** Exercise directions **
Please print the entries below exactly, from the line with "Праздничная курица фото." through the line with "Building Photo - Beautiful", including both of those lines and leaving out all others.

** Excerpted records **

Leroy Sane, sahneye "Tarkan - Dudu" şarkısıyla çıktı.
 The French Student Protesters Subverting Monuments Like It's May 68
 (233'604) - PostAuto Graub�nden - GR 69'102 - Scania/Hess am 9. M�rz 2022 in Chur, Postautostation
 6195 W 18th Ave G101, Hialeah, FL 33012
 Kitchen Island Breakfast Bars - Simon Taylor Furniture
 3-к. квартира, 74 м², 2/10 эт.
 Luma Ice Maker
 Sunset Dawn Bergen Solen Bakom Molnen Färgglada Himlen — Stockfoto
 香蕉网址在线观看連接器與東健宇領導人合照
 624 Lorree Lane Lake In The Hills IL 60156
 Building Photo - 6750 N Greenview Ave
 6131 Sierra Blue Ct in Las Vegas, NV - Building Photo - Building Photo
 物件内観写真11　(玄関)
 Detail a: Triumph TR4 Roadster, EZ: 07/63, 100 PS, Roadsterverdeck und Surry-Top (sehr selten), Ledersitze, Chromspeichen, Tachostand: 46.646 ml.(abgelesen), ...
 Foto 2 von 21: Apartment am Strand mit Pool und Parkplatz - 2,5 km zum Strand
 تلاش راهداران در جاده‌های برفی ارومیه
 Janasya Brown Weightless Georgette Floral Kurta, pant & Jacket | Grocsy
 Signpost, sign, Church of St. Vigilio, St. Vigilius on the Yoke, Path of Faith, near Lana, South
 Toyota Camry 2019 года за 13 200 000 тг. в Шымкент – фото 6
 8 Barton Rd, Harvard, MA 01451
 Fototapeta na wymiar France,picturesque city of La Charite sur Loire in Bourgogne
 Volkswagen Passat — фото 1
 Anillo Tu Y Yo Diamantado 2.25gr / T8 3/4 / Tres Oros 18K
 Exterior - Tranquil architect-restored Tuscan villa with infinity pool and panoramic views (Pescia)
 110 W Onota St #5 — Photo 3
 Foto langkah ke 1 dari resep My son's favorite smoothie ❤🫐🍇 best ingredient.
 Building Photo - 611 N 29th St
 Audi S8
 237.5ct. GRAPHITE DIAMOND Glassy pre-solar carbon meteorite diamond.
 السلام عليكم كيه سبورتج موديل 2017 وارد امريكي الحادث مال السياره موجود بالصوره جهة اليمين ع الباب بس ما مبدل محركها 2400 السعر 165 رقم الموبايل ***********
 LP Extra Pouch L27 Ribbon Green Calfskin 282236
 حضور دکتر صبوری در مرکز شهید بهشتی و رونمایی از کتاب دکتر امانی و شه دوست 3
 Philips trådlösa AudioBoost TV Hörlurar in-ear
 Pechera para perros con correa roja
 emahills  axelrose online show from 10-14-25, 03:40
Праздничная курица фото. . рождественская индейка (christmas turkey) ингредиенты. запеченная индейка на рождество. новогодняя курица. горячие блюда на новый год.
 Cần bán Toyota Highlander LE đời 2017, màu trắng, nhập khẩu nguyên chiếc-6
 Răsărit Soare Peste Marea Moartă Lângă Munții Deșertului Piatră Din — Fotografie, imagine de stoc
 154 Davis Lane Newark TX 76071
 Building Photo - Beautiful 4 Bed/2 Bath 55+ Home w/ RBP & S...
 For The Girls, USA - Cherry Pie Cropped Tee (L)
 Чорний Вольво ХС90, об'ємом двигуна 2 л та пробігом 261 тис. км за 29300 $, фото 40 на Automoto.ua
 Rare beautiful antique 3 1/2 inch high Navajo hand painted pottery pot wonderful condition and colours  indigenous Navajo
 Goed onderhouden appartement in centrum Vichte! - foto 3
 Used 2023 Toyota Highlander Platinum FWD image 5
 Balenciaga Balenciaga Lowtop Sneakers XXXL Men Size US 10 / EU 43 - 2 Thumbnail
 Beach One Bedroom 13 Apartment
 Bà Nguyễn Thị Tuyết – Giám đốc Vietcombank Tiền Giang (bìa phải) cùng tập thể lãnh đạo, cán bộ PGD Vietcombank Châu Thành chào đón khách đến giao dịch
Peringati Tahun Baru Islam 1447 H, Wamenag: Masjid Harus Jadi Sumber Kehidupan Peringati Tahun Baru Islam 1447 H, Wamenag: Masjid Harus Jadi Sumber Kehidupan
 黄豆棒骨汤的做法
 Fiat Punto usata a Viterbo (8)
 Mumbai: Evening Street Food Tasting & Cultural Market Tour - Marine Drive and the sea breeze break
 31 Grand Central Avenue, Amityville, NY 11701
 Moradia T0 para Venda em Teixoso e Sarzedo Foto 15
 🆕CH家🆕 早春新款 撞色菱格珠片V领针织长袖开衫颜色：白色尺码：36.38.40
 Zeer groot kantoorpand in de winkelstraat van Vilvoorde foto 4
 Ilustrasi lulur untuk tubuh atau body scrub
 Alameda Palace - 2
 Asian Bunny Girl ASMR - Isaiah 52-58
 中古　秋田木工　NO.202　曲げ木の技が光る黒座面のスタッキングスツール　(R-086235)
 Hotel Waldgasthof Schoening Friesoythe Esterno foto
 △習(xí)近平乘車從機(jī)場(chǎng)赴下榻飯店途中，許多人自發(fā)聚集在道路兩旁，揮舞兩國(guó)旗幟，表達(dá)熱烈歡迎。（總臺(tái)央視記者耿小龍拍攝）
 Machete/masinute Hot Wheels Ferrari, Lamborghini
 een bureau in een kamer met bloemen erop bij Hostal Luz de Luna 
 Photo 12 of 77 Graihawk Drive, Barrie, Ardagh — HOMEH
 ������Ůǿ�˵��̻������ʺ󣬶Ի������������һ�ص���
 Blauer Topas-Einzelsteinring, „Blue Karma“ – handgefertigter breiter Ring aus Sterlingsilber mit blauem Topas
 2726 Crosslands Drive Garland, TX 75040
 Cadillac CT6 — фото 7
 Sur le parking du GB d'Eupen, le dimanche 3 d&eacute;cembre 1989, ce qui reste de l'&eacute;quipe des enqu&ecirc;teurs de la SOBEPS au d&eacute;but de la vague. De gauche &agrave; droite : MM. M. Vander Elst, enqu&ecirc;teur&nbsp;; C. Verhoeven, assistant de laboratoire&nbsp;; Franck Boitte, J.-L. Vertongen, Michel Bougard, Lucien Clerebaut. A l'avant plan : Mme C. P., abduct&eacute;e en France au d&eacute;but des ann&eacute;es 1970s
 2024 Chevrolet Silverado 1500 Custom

** Completed exercise **
Праздничная курица фото. . рождественская индейка (christmas turkey) ингредиенты. запеченная индейка на рождество. новогодняя курица. горячие блюда на новый год.
 Cần bán Toyota Highlander LE đời 2017, màu trắng, nhập khẩu nguyên chiếc-6
 Răsărit Soare Peste Marea Moartă Lângă Munții Deșertului Piatră Din — Fotografie, imagine de stoc
 154 Davis Lane Newark TX 76071
 Building Photo - Beautiful 4 Bed/2 Bath 55+ Home w/ RBP & S...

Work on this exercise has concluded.